PDF tratto da RisVeglio Duemila:


 
San Paterio vescovo di Brescia (verso il 606)

Tratto da

Nella cronologia dei santi Vescovi di Brescia, agli inizi del VII secolo, è menzionato San Paterio (o Paterius).
Tutti gli storici concordemente affermano che il suo fu un episcopato molto breve tra il 604 e il 606, mentre alcuni Annuari diocesani lo collocano tra il 630 e 642.
Anche se alcuni, lo indicano quale benedettino romano discepolo di San Gregorio Magno, sia P. Guerrini che F. Lanzoni lo escludono categoricamente; inoltre viene anche escluso che il santo bresciano si possa identificare con l’omonimo vescovo ricordato nel calendario napoletano del XII secolo.
Di lui non sappiamo nulla.
Il nome di S. Paterio è riportato in sei manoscritti dei secoli XI-XV e in due corsi di litanie monastiche primitive.
Nel martirologio romano la sua festa è riportata il 21 febbraio, mentre in quello bresciano la sua memoria è fissata il 25 febbraio a ricordo della traslazione del suo corpo avvenuta nel 1479. Dal 1962 la sua festa è stata conglobata al 20 aprile insieme a tuti i santi bresciani.
Secondo alcuni, S, Paterio venne sepolto in San Fiorano, sul colle Degno in territorio bresciano. A questa prima sepoltura sarebbe seguita una traslazione delle reliquie che posero i suoi resti sotto l’altare maggiore della chiesa monastica di Sant’Eufemia della Fonte. Successivamente, il 25 febbraio 1479, i monaci trasportarono il corpo del vescovo, in una cappella a lui dedicata. Nel XVII secolo, nel corso di alcuni importanti restauri alla chiesa venne costruito un altare, il primo a destra presso il battistero, dedicato a San Paterio. E, nel 1616, il corpo del presule venne collocato  in quella sede. Nel 1787, nel corso di un’ultima ristrutturazione della chiesa, le reliquie vennero riportate sotto l’altare maggiore e racchiuse in un’urna marmorea con l’indicazione dedicatoria.
Infine, le spoglie furono accolte in una nuova arca realizzata appositamente, e collocata nella cripta della chiesa.
Dalla seconda metà dell'Ottocento l’arca di San Paterio si trova esposta nel museo cittadino di Santa Giulia.
Al santo è stata dedicata la chiesa parrocchiale di Paisco Loveno in valle Canonica.

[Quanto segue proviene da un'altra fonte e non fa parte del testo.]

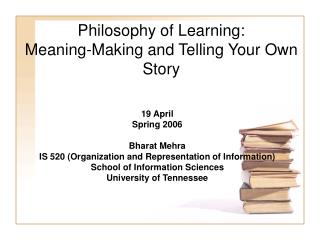 Philosophy of Learning: Meaning-Making and Telling Your Own Story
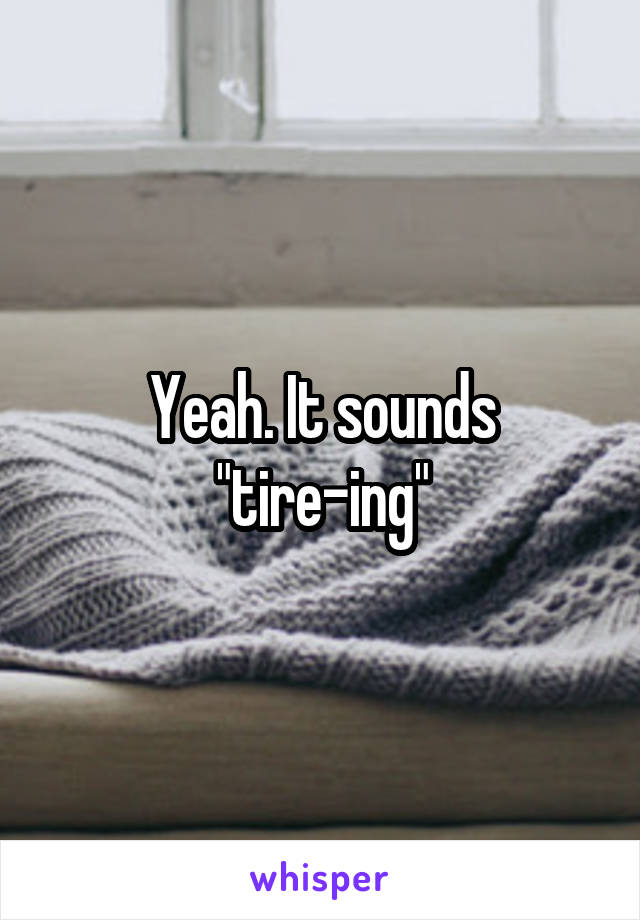 Yeah. It sounds
"tire-ing"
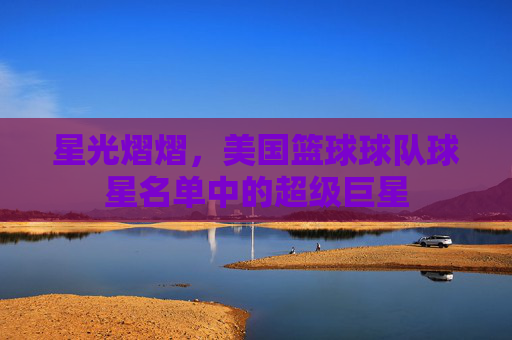 星光熠熠，美国篮球球队球星名单中的超级巨星
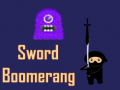 Spill Sword Boomerang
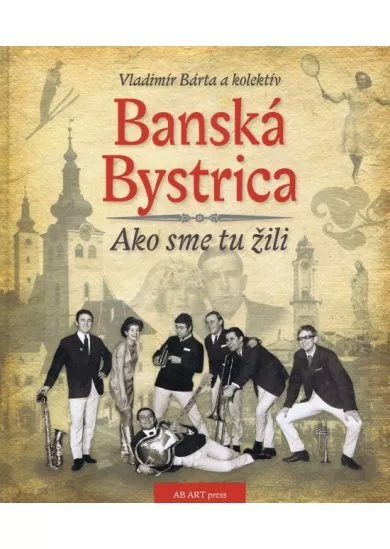Banská Bystrica - Ako sme tu žili 1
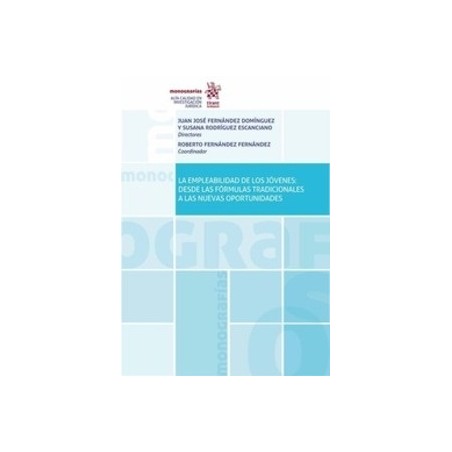 La Empleabilidad de los Jóvenes: desde las Fórmulas Tradicionales a las Nuevas Oportunidades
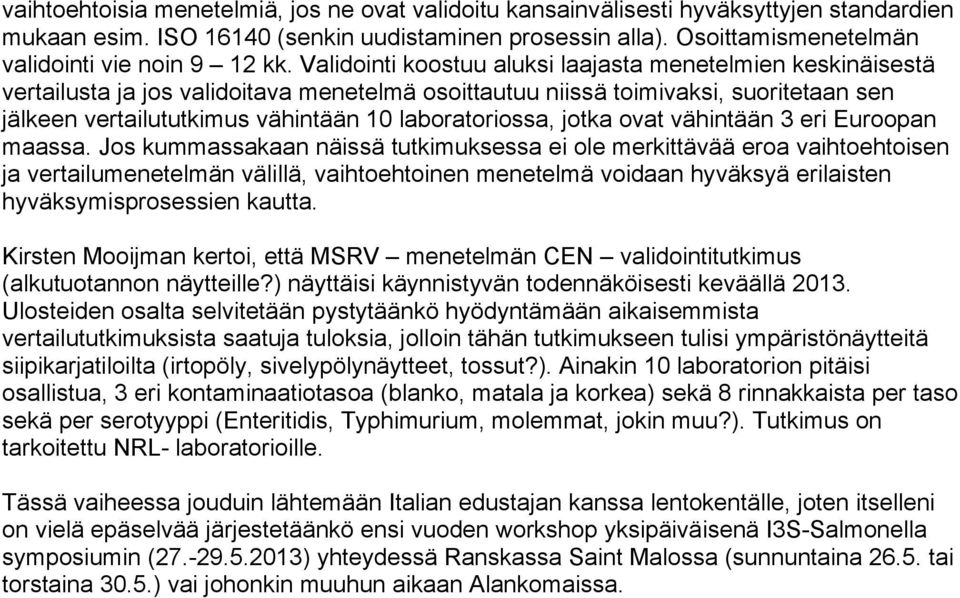 Validointi koostuu aluksi laajasta menetelmien keskinäisestä vertailusta ja jos validoitava menetelmä osoittautuu niissä toimivaksi, suoritetaan sen jälkeen vertailututkimus vähintään 10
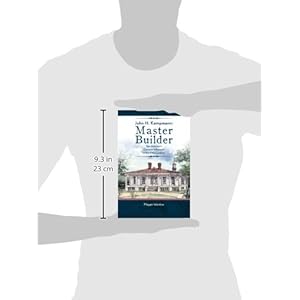 John H. Kampmann, Master Builder: San Antonio's German Influence in the 19th Century
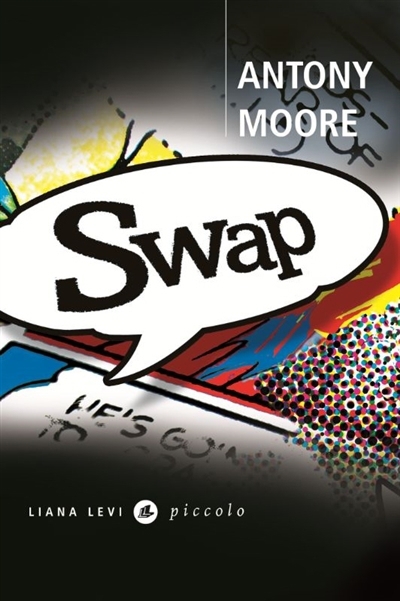 Swap | Moore, Antony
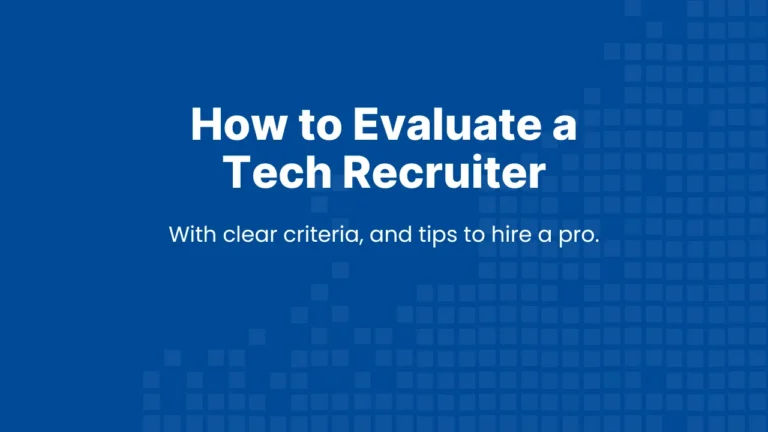 Hero banner for article on how to evaluate a tech recruiter, with clear criteria and tips to hire the right partner.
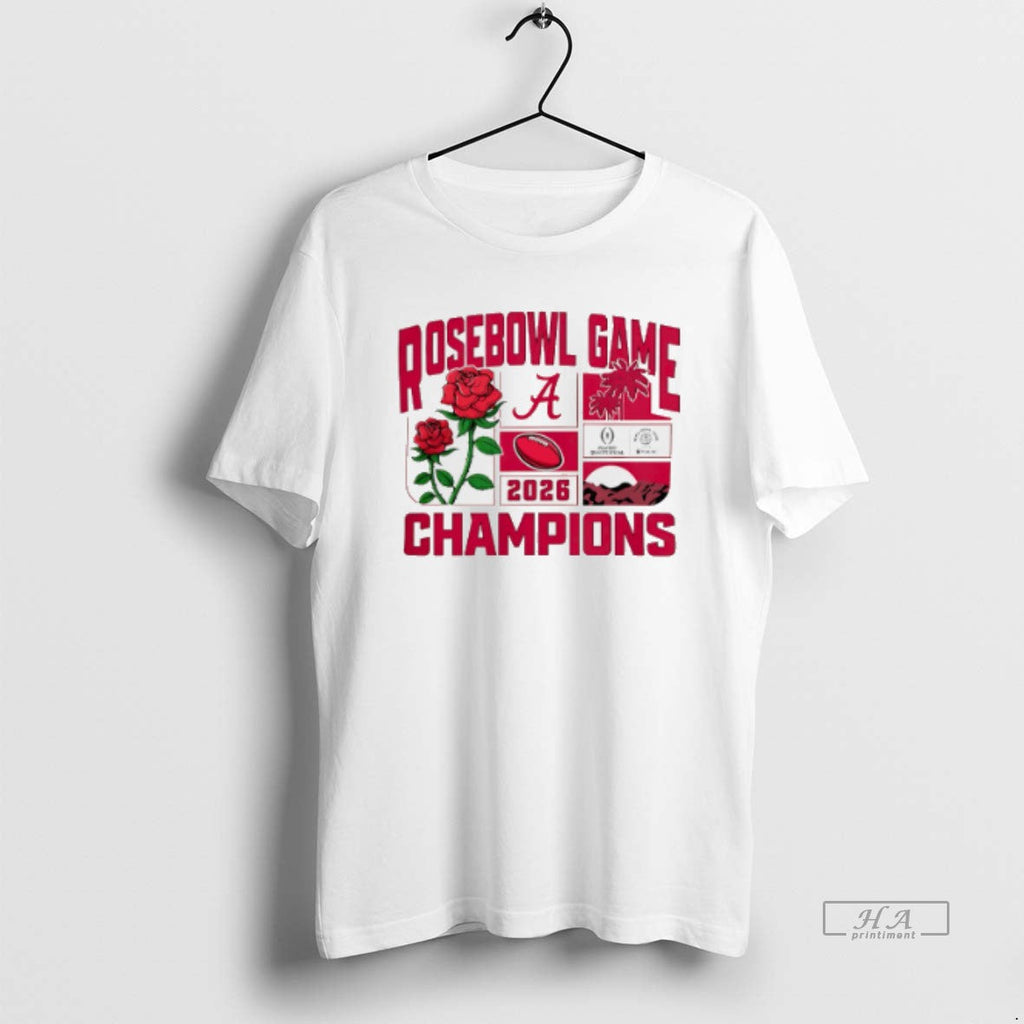 Official Alabama Football 2026 Rose Bowl Champions T-Shirts, Hoodie, Sweatshirt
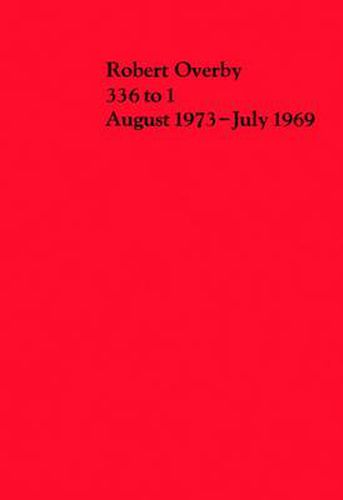 Cover image for Robert Overby: 336 to 1 August. 1973-July 1969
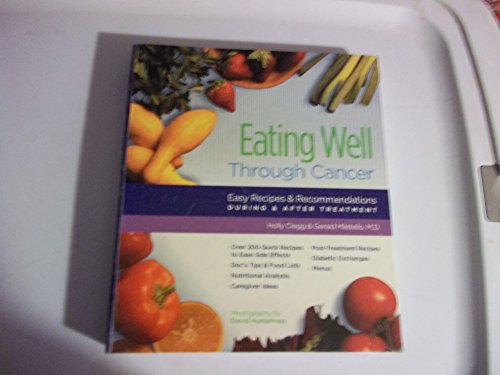 9780961088880: Eating Well Through Cancer: Easy Recipes & Recommendations During & After Treatment
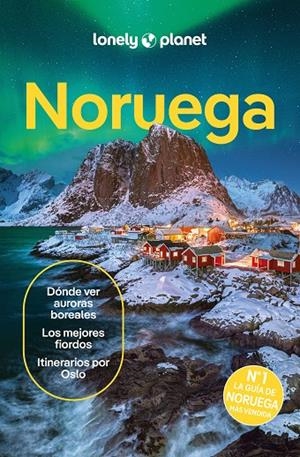 NORUEGA : LONELY PLANET [2024] | 9788408286288 | HAM, ANTHONY / GRAHAM, GEMMA / ANDERSON, HUGH FRANCIS / HIPPLE, ANNIKA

Tratto da http://www.silvanodanesi.info/?p=629
Gli storici, quasi concordemente, assegnano a S.Paterio un episcopato breve. Gli annuari diocesani lo collocano tra il 630 e il 643.
In un discorso del vescovo Ramperto, Paterio figura come il sedicesimo vescovo di Brescia dopo S. Filastrio, quindi il venticinquesimo nei dittici della Chiesa bresciana, tra Paolo III e Anastasio.
Il suo nome, di sapore esotico, ha fatto pensare ad una probabile origine orientale, ma si tratta solo di una congettura senza alcuna solida prova.
L’epoca del suo episcopato cade nel periodo del pontificato di Gregorio Magno e forse per questo viene erroneamente identificato in quel discepolo Paterio che il pontefice dice essere suo notaio secondicerio.
Il Martirologio bresciano assegna al santo un posto in più nelle sue pagine al 25 febbraio, per ricordarne la traslazione del corpo, nel 1478, da S. Eufemia della Fonte a S. Eufemia entro le mura.
Il vescovo Landolfo II aveva trasportato il corpo del santo dalla prima sepoltura in S. Fiorano, alla chiesa abaziale di S. Eufemia della Fonte, dove rimase sepolto, nella cripta del monastero, fino al 1478. Dopo che i monaci ebbero costruito il nuovo monastero in città, il 25 febbraio 1478 il venerato corpo del Santo fu traslato nella grande chiesa di S. Eufemia dentro le mura.
Nella Diocesi di Brescia a S.Paterio è dedicata la chiesa parrocchiale di Paisco, piccolo paese della Valle Camonica.